From the data below, return only the lines from the one with "Used 2006 Chevrolet" through the one with "Departamento De 2", exact and inclusive, with pictures left out.
Start of Supplied material
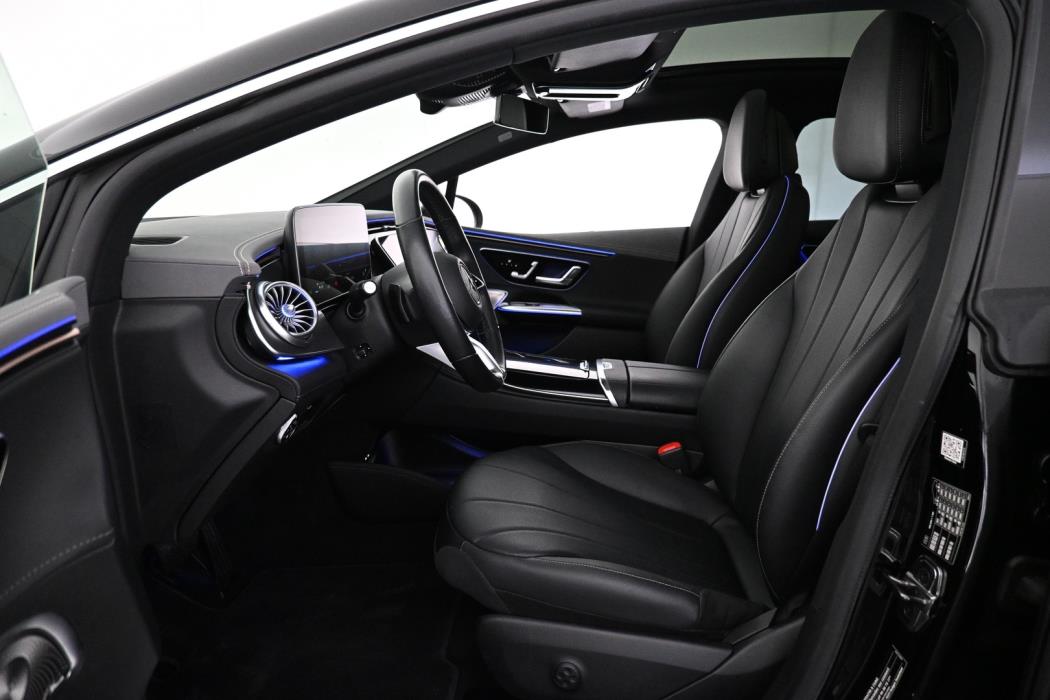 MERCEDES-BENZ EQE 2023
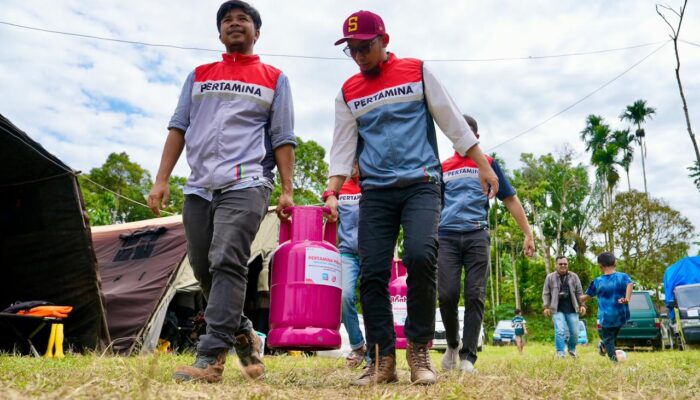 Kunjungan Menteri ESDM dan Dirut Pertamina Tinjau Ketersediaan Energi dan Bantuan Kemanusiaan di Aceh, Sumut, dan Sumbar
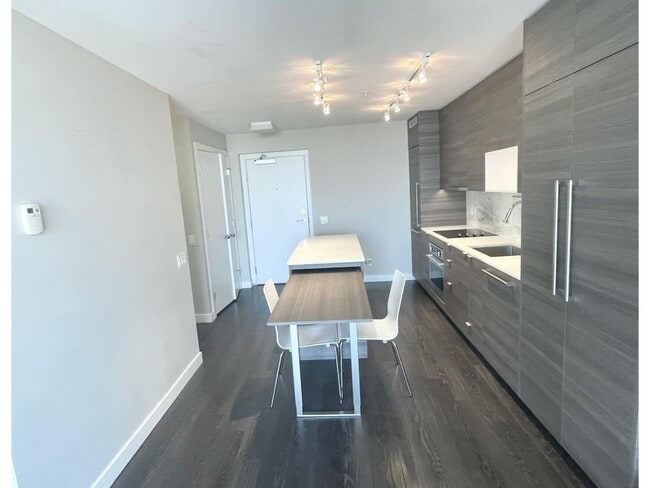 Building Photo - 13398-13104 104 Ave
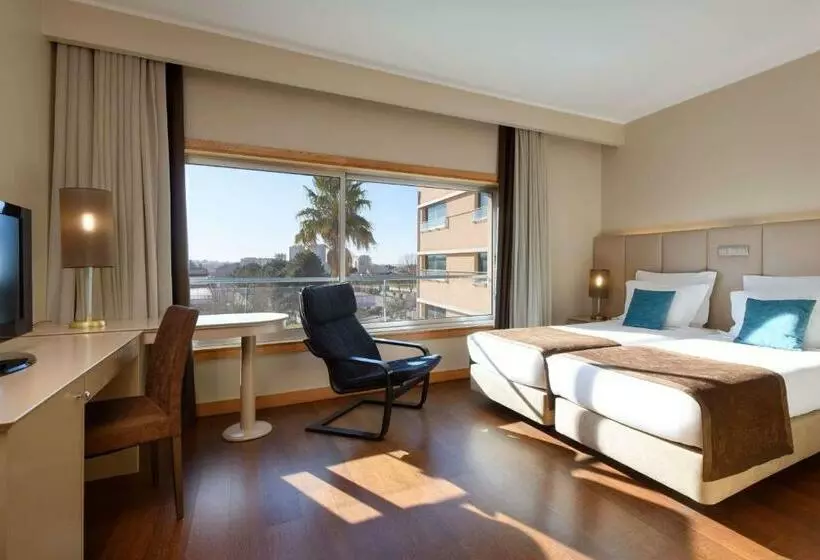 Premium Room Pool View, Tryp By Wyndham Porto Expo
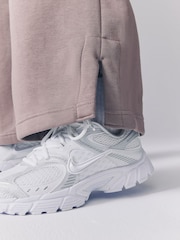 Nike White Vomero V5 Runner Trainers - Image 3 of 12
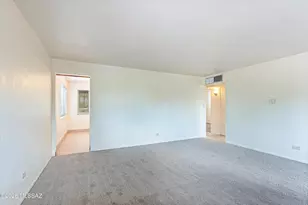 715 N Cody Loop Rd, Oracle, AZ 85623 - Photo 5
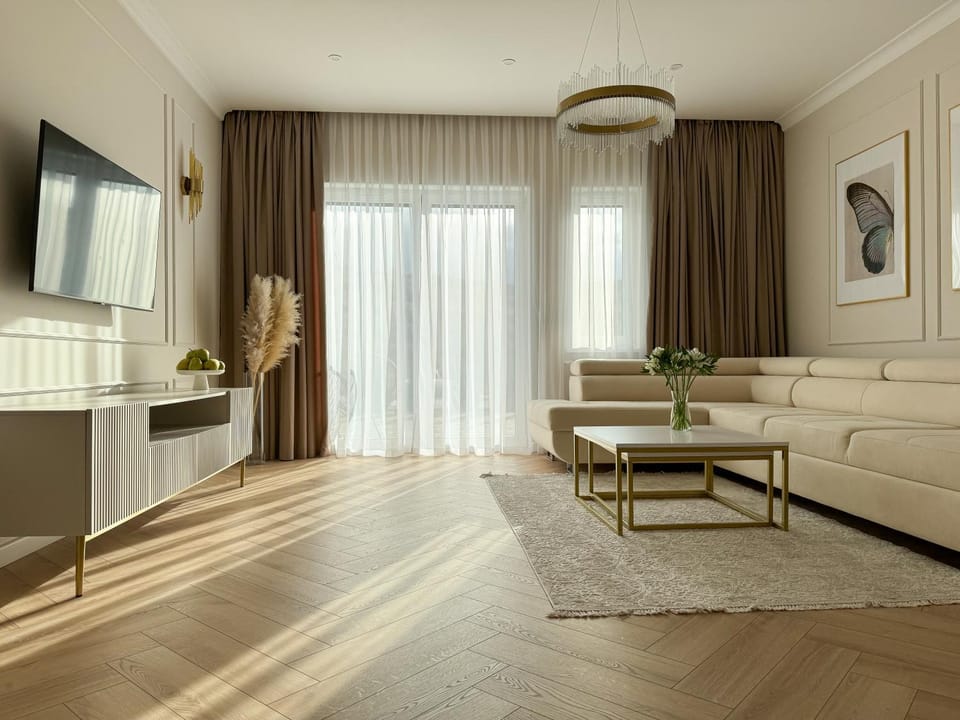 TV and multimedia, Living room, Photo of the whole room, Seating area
End of Supplied material
Start of Supplied material
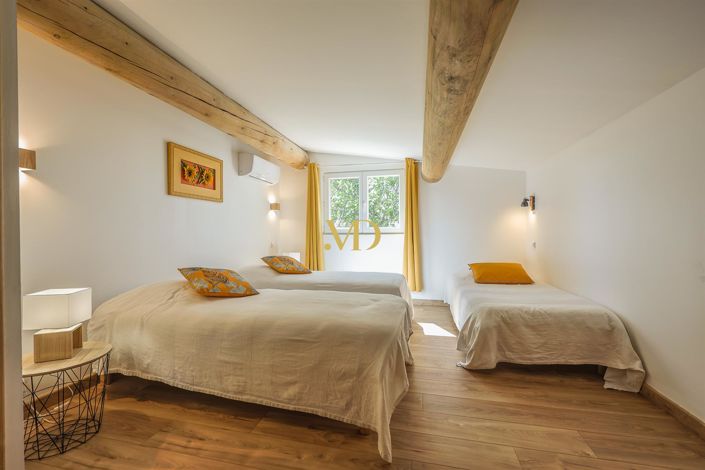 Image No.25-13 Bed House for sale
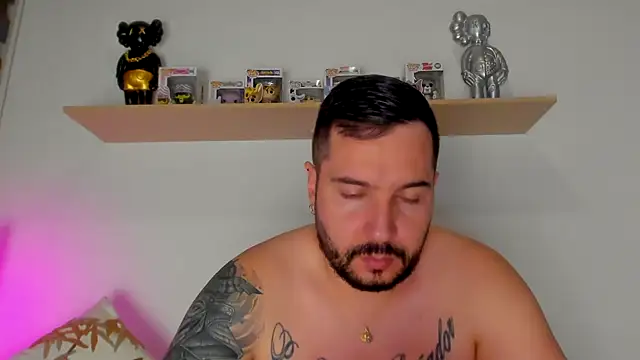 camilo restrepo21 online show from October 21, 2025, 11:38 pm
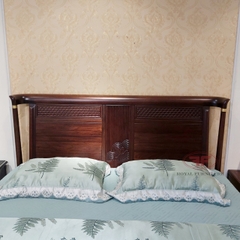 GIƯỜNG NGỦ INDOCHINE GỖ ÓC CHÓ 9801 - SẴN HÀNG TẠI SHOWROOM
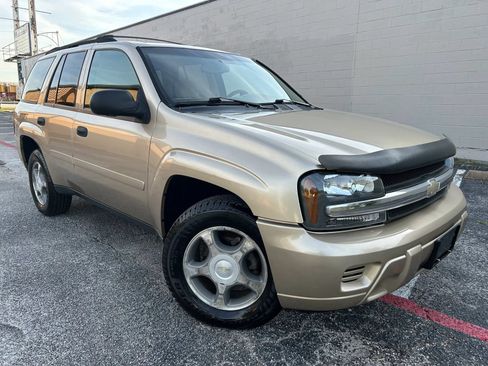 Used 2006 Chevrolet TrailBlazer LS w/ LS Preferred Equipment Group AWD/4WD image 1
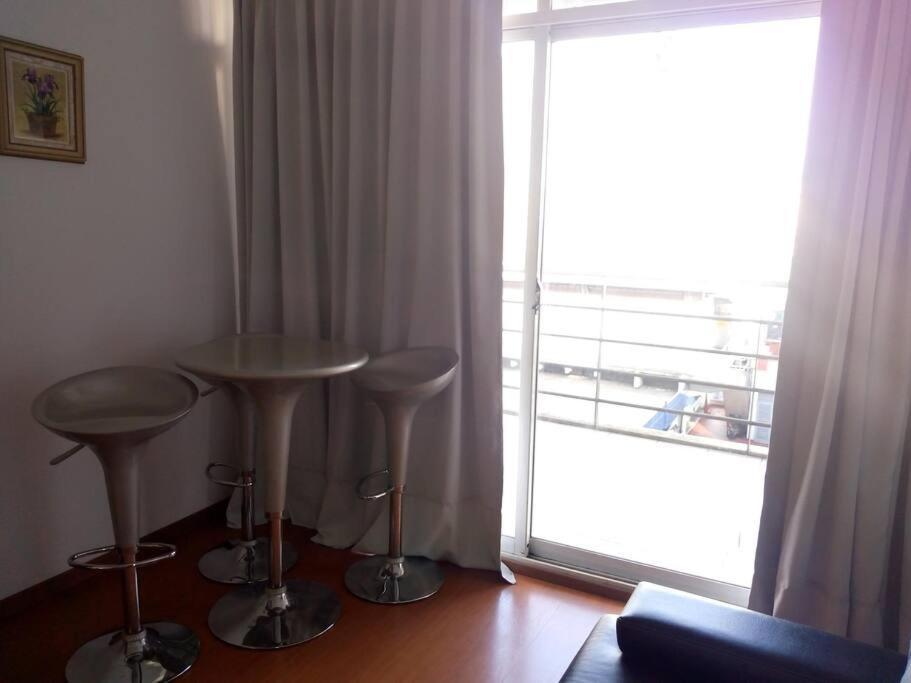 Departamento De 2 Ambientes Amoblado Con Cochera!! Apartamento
End of Supplied material
Start of Supplied material
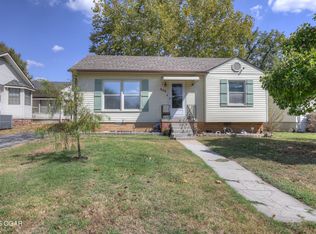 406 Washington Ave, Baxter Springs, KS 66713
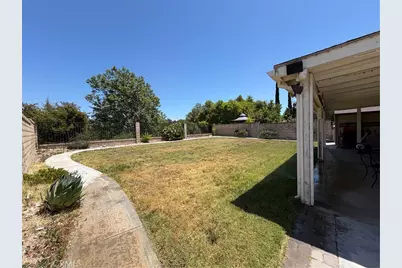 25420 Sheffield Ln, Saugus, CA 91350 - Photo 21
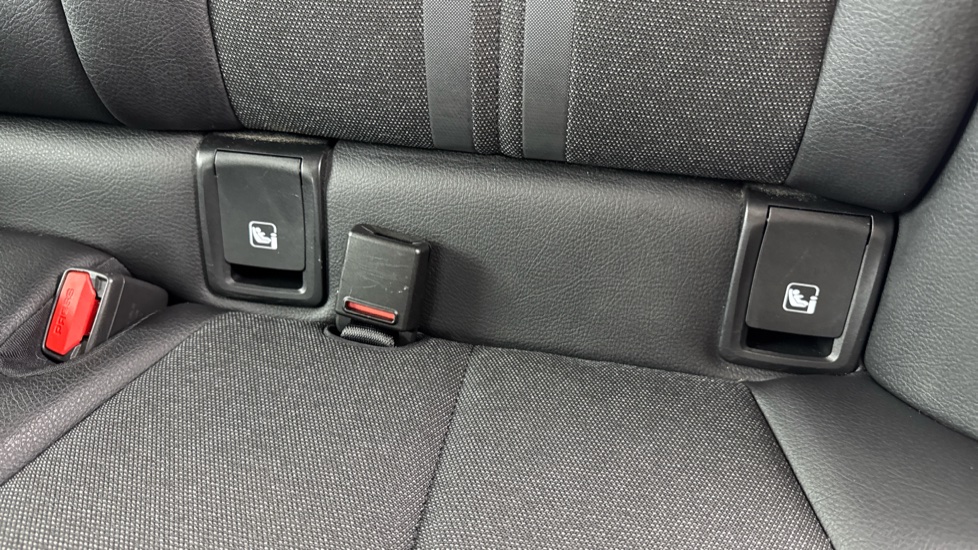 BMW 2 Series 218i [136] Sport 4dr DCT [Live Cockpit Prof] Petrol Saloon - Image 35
End of Supplied material
> **Problem solution**
 Used 2006 Chevrolet TrailBlazer LS w/ LS Preferred Equipment Group AWD/4WD image 1
 Departamento De 2 Ambientes Amoblado Con Cochera!! Apartamento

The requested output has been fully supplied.